Purgatori, la sua è una figura eclettica: recitazione, conduzione e scrittura giornalistica. Come si intrecciano questi talenti?
«Si intrecciano molto bene. So­no sempre stato curioso dei vari linguaggi con cui si può raccontare e ci si può esprimere. Proprio in virtù di questa curiosità ho cercato di frequentare mondi diversi come il cinema, il teatro, la satira, la televisione e naturalmente, prima di tutto, il giornalismo. Avere la capacità di conoscere i diversi linguaggi aiuta tantissimo a spiegare, e anche a capire».

Varietà di interessi che si ritrova in “Atlantide”, la sua trasmissione in onda su La7. Come nasce l’idea del programma?

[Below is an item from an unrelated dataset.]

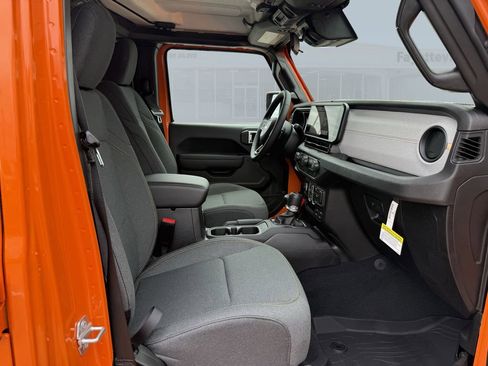 New 2025 Jeep Gladiator Sport image 17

«L’idea – mia e del direttore di rete, Andrea Salerno – è stata quella di provare a fare un’operazione che nessuno compie mai in televisione: mettere a confronto passaggi della nostra storia, recente o meno recente, con ciò che ac­cade nell’attualità per cercare di capire meglio come ci stiamo muovendo e dove stia­mo andando. Tale operazione è possibile perché mol­te volte si ripetono le modalità, i comportamenti e anche la storia».


Come si costruisce una puntata del programma?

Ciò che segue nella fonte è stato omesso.